Archdeacon of Brecon
- Incumbent
- Assumed office 2013

Personal details
- Born: 1956 (age 69–70) Bournemouth
- Spouse: Susan Jevons
- Children: 2
- Alma mater: University of Exeter Ridley Hall, Cambridge

= Alan Jevons =

Alan Neil Jevons (b 1956) is a Church in Wales priest: he has been Archdeacon of Brecon since 2013.

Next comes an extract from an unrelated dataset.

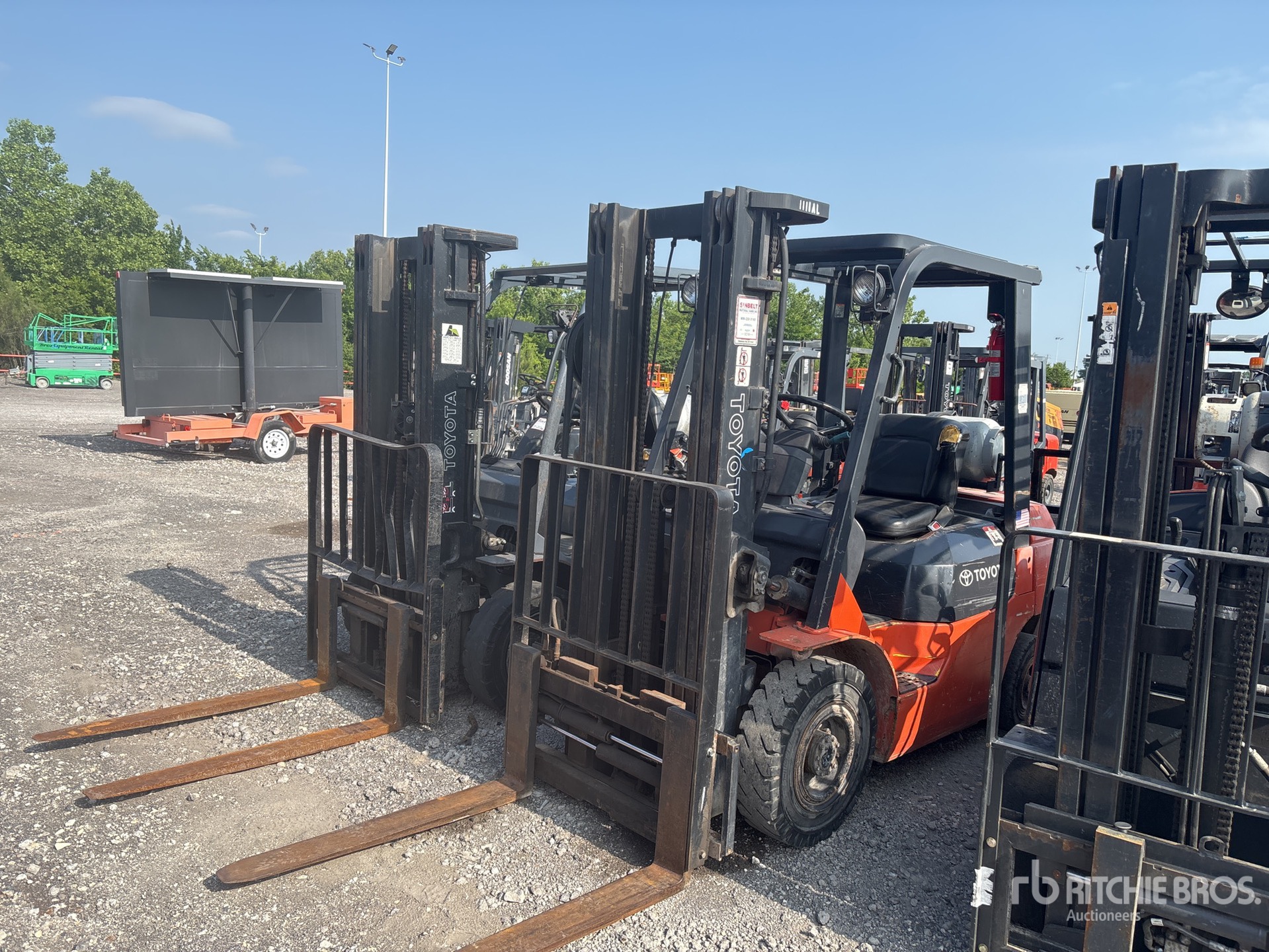 Photo of a 2012 Toyota Pneumatic Tire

He was born in Bournemouth and educated at the University of Exeter and Ridley Hall, Cambridge. He was made deacon at Petertide 1981 (28 June) and ordained priest the following Petertide (27 June 1982) — both times by Philip Goodrich, Bishop of Worcester, at Worcester Cathedral. After curacies in Halesowen and Heywood he was Team Vicar of Hereford from 1987 to 1993. He was at Much Birch from 1993 until 2002; and Tenbury Wells from 2002 until 2007. He was Vicar of Llyn Syfaddan from 2007 until 2015; and Social Responsibility Officer for the Diocese of Swansea and Brecon from 2007 until his appointment as Archdeacon. He was collated Archdeacon of Brecon at Brecon Cathedral on 17 February 2013.